- Task details
The reply is to be an exact repetition of the entries that follow, with each picture left out.

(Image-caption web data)
=== Begin Enclosure ===
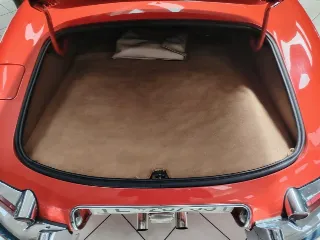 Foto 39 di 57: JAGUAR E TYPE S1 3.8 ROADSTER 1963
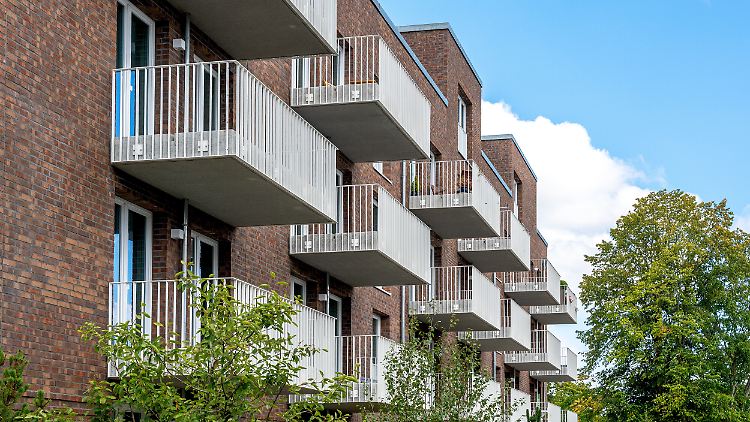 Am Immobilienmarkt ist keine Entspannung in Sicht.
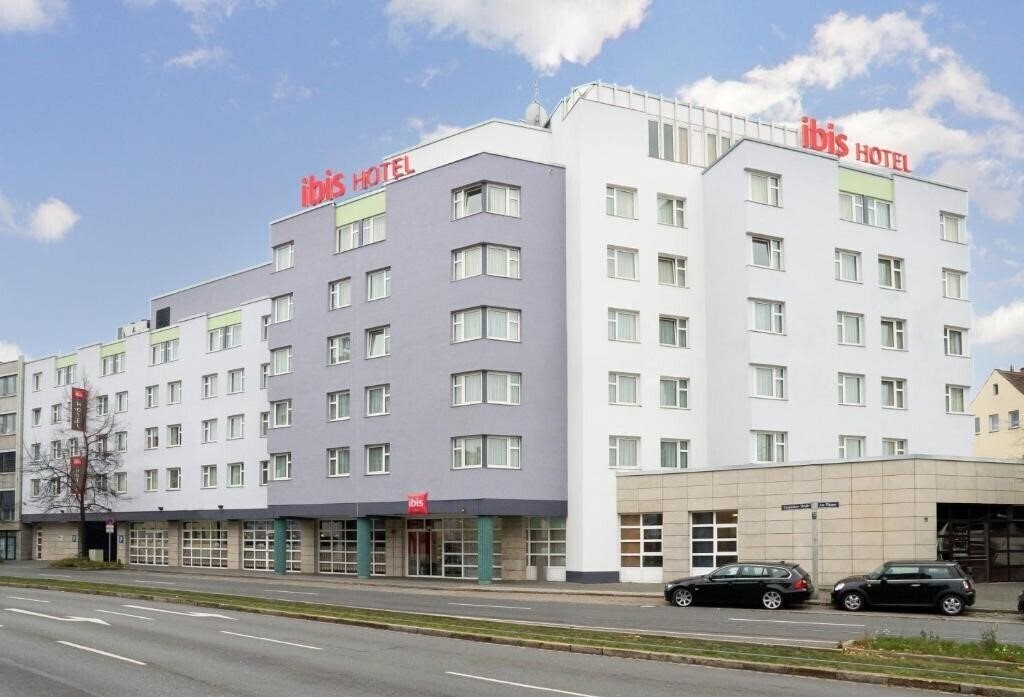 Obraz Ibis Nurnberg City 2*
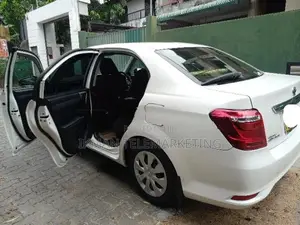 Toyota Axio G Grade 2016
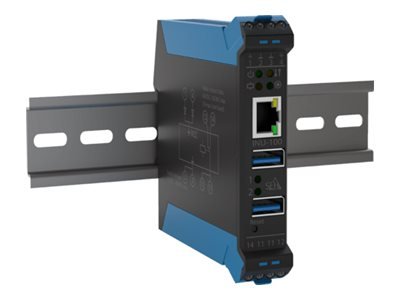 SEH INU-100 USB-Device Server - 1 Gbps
=== End Enclosure ===
- Task answer
 Foto 39 di 57: JAGUAR E TYPE S1 3.8 ROADSTER 1963
 Am Immobilienmarkt ist keine Entspannung in Sicht.
 Obraz Ibis Nurnberg City 2*
 Toyota Axio G Grade 2016
 SEH INU-100 USB-Device Server - 1 Gbps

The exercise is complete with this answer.